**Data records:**
◇ ◇ ◇ ◇ ◇ ◇ ◇

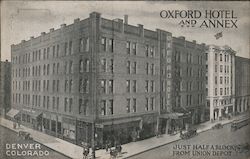 Oxford Hotel and Annex Postcard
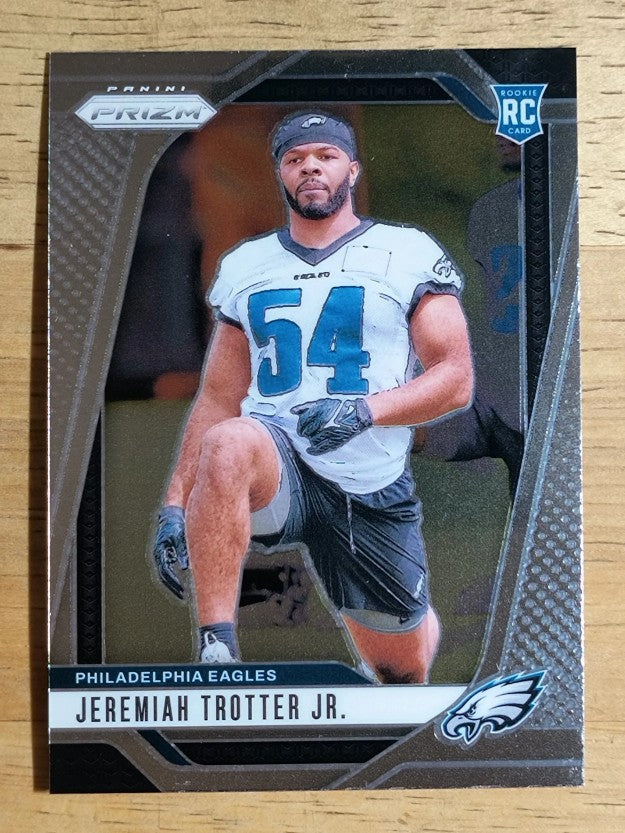 2024 Panini Prizm #349 Jeremiah Trotter Jr. RC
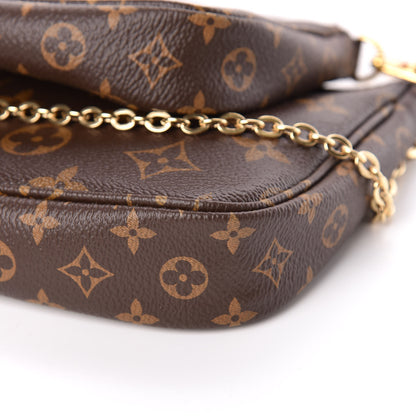 Louis Vuitton Monogram Multi Pochette Accessories Rose Clair 6 of 11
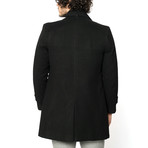 PLT8340 Dewberry Overcoat // Black (M)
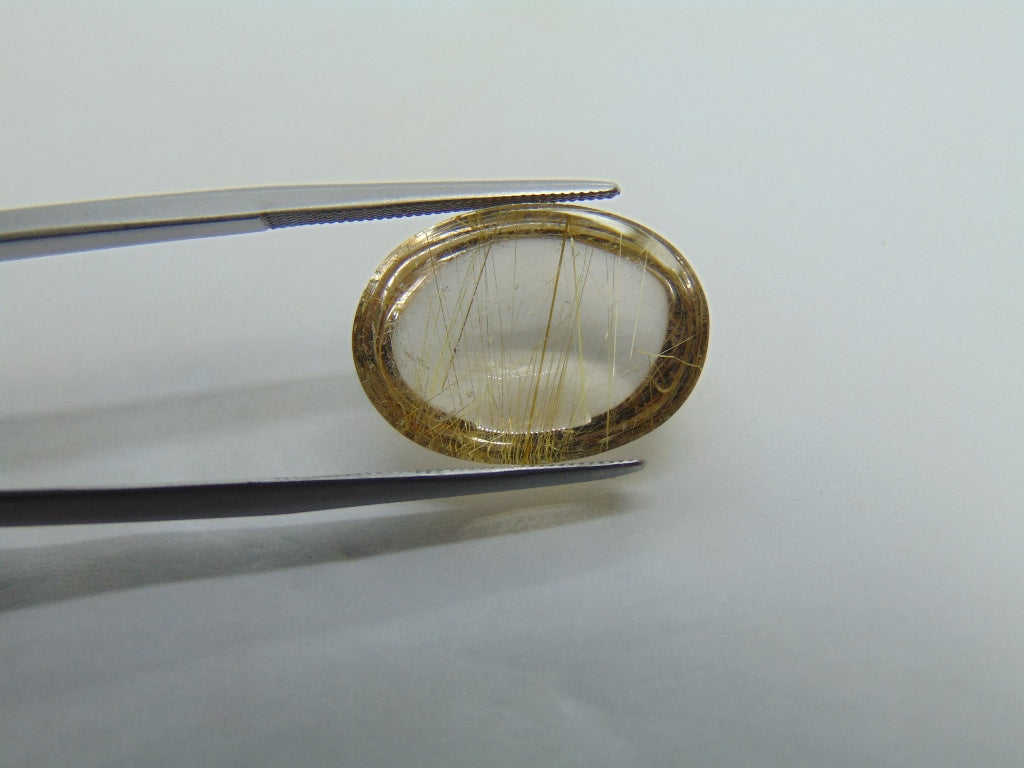 14.40ct Rutile 18x13mm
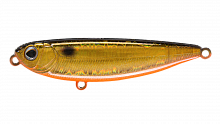 Воблер Волкер Strike Pro Water Strike 60, цвет: 613-713 Black Back Smoked OB, (EG-226B#613-713)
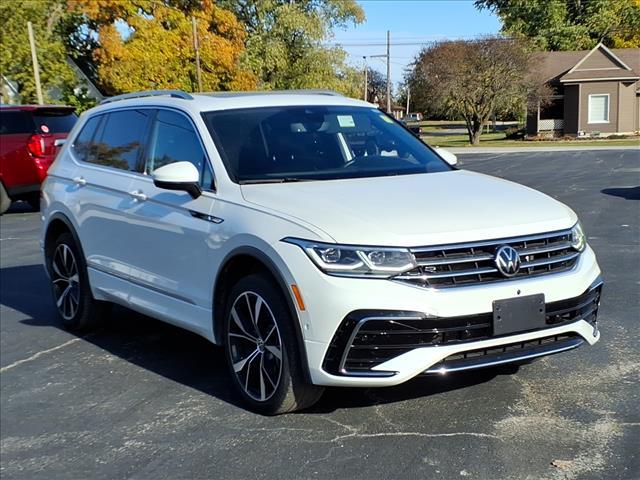 used 2022 Volkswagen Tiguan car, priced at $24,995
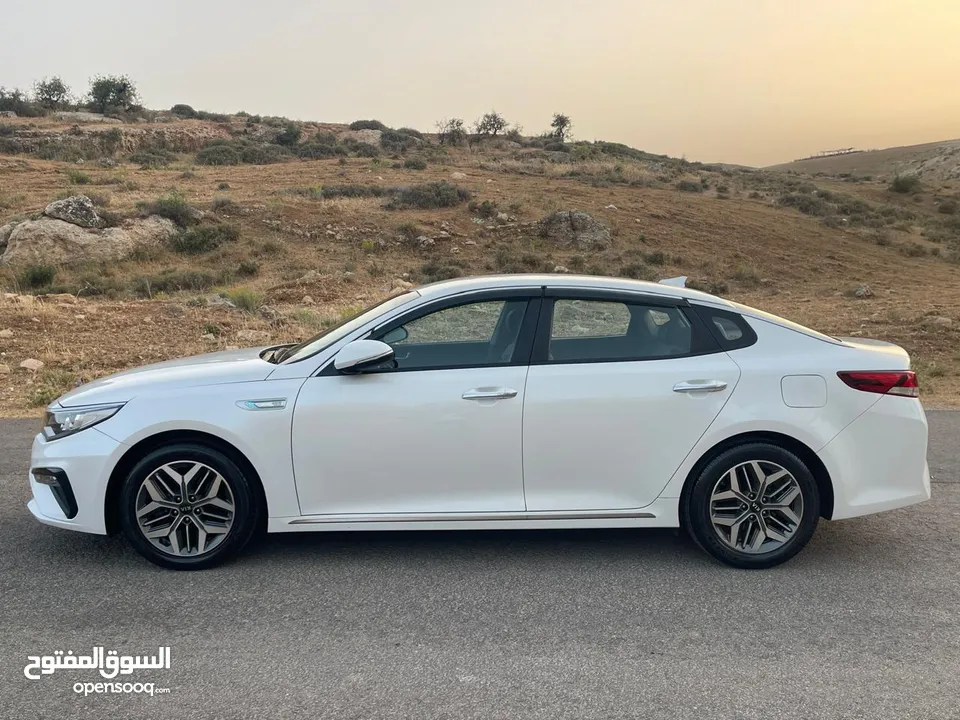 كيا اوبتيما k5 2020 فل هايبرد فحص كامل مالك واحد السيارة بحالة الوكالة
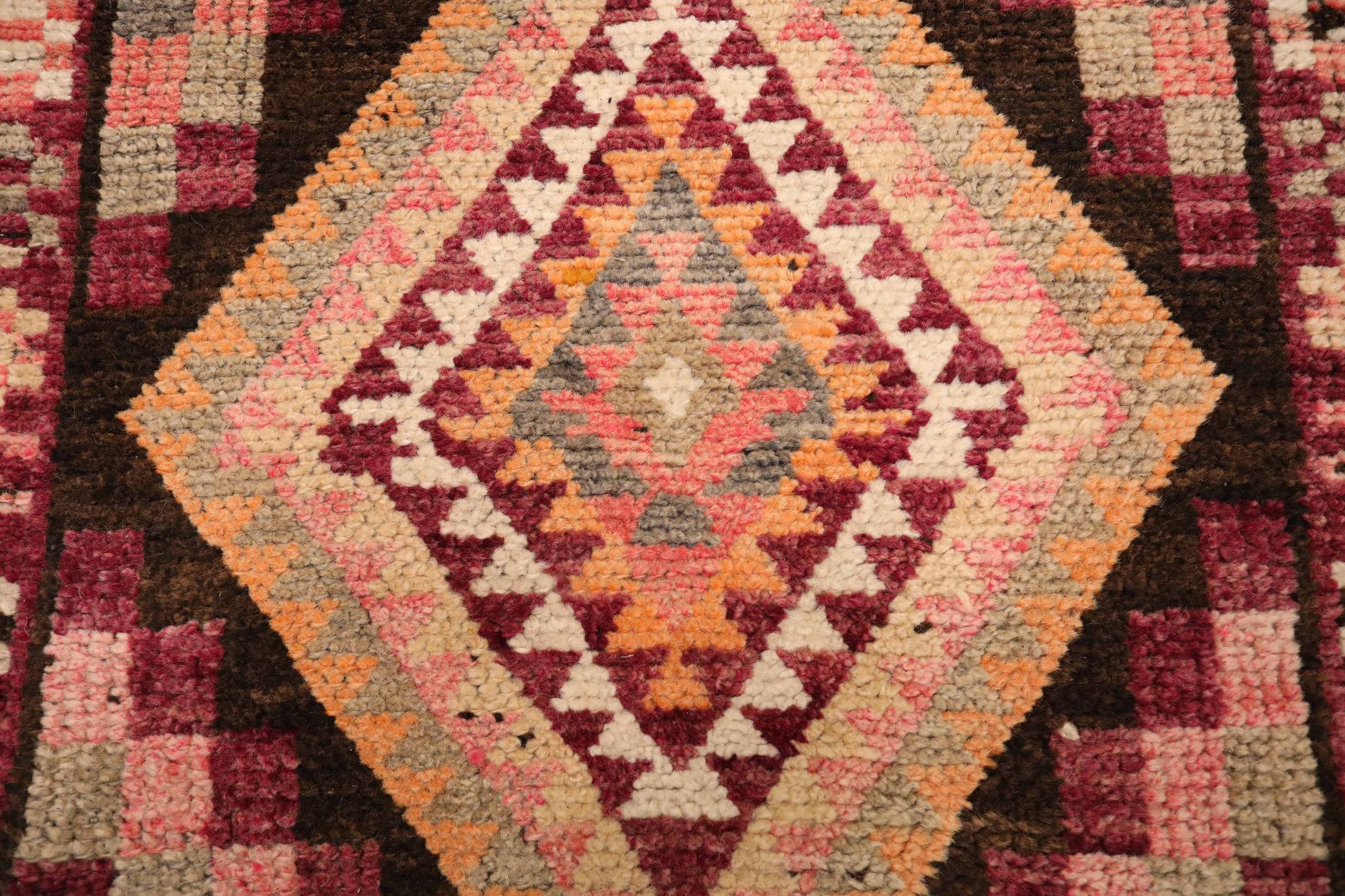 Thumbnail 3 for Antique Turkey Tribal Rug 93489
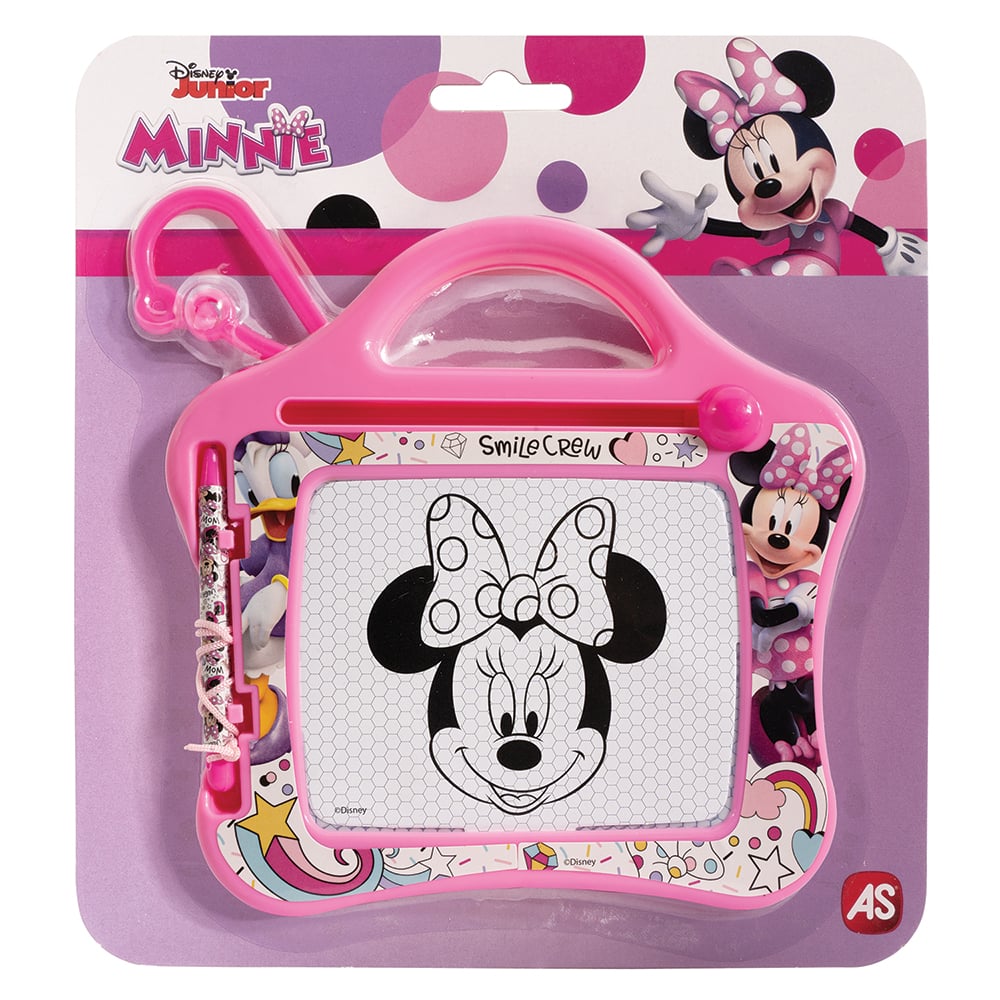AS Πίνακας Γράψε - Σβήσε Doodle Fun Travel Disney Minnie Για 3+ Χρονών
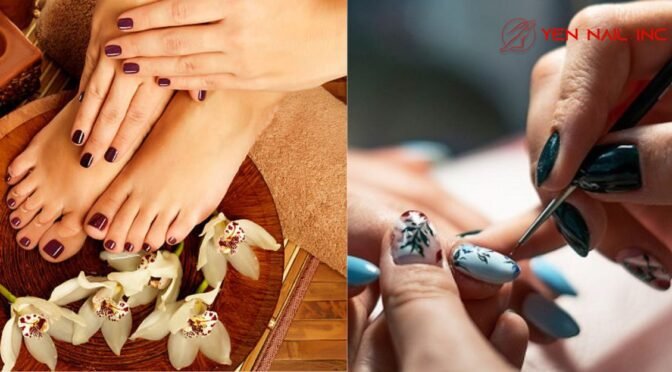 What Is the Difference Between a Nail Salon and a Spa?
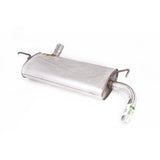 OMIX-ADA 17609.30 This replacement muffler from Omix fits 07-11 Jeep Wrangler.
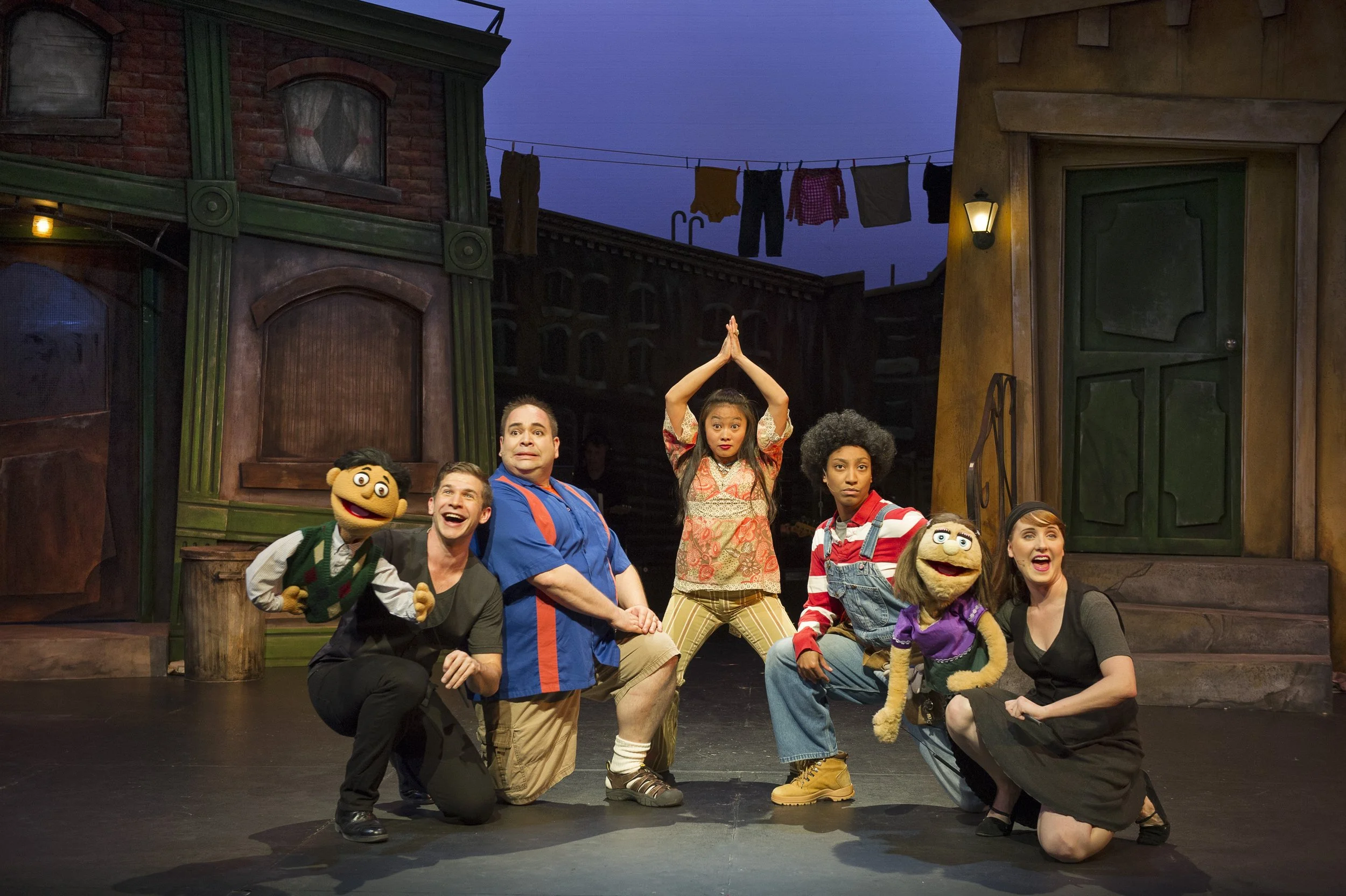 Avenue Q - Kate Monster/Lucy (Arts Club, 2013, 2014, & 2016)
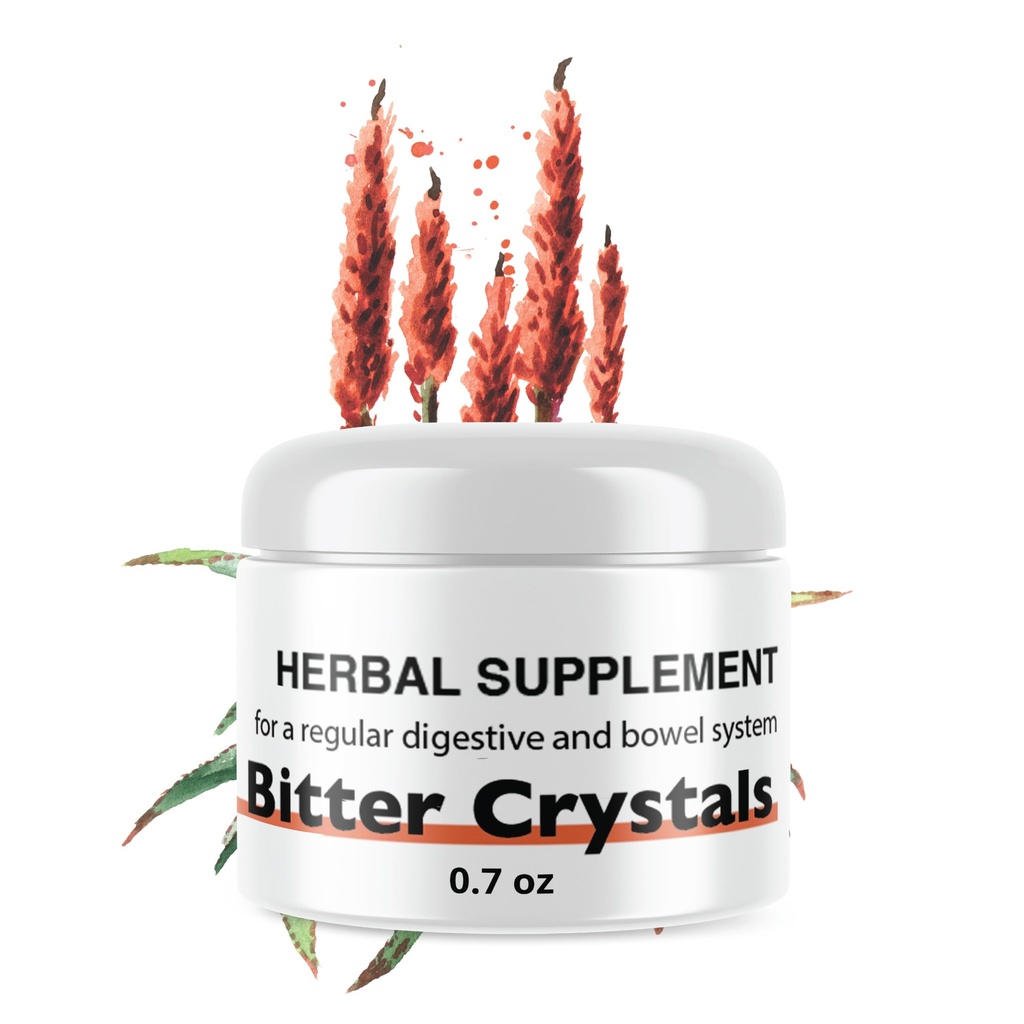 Cape Aloe Ferox Bitter Crystals | Powerful 3-Day Cleanse | Natural Laxative & Gut Health Supplement | Helps with Bloating, Gas, Constipation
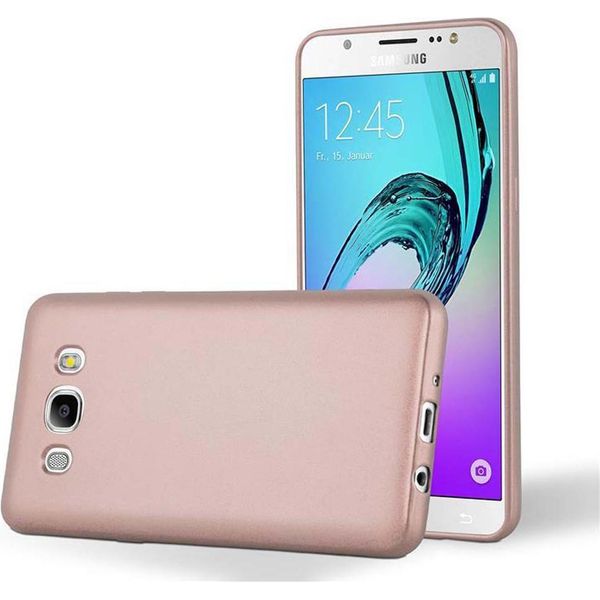 Cadorabo Custodia Protettiva Per Samsung Galaxy J7 2016 Custodia In Rosa Per Telefono Cellulare Tpu Custodia In Silicone Cover Case-image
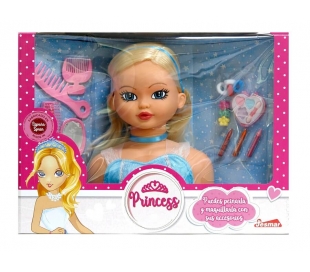 BUSTO PEINADOS PRINCESSE FALCA 1 UN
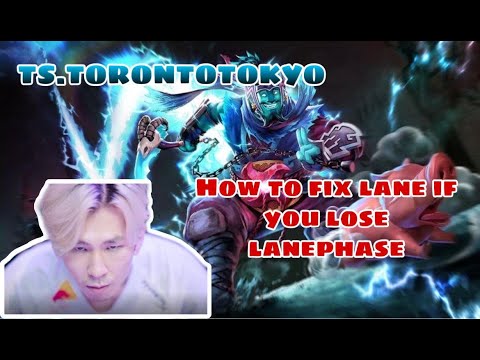 TS.TORONTOTOKYO - Storm spirit How to fix if you lose lanephase.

◇ ◇ ◇ ◇ ◇ ◇ ◇

**WHAT IS EXPECTED:**
Output the data exactly. Pictures don't belong in the result.

**ANSWER BOX:**
 Oxford Hotel and Annex Postcard
 2024 Panini Prizm #349 Jeremiah Trotter Jr. RC
 Louis Vuitton Monogram Multi Pochette Accessories Rose Clair 6 of 11
 PLT8340 Dewberry Overcoat // Black (M)
 14.40ct Rutile 18x13mm
 Воблер Волкер Strike Pro Water Strike 60, цвет: 613-713 Black Back Smoked OB, (EG-226B#613-713)
 used 2022 Volkswagen Tiguan car, priced at $24,995
 كيا اوبتيما k5 2020 فل هايبرد فحص كامل مالك واحد السيارة بحالة الوكالة
 Thumbnail 3 for Antique Turkey Tribal Rug 93489
AS Πίνακας Γράψε - Σβήσε Doodle Fun Travel Disney Minnie Για 3+ Χρονών
 What Is the Difference Between a Nail Salon and a Spa?
 OMIX-ADA 17609.30 This replacement muffler from Omix fits 07-11 Jeep Wrangler.
 Avenue Q - Kate Monster/Lucy (Arts Club, 2013, 2014, & 2016)
 Cape Aloe Ferox Bitter Crystals | Powerful 3-Day Cleanse | Natural Laxative & Gut Health Supplement | Helps with Bloating, Gas, Constipation
 Cadorabo Custodia Protettiva Per Samsung Galaxy J7 2016 Custodia In Rosa Per Telefono Cellulare Tpu Custodia In Silicone Cover Case-image
 BUSTO PEINADOS PRINCESSE FALCA 1 UN
 TS.TORONTOTOKYO - Storm spirit How to fix if you lose lanephase.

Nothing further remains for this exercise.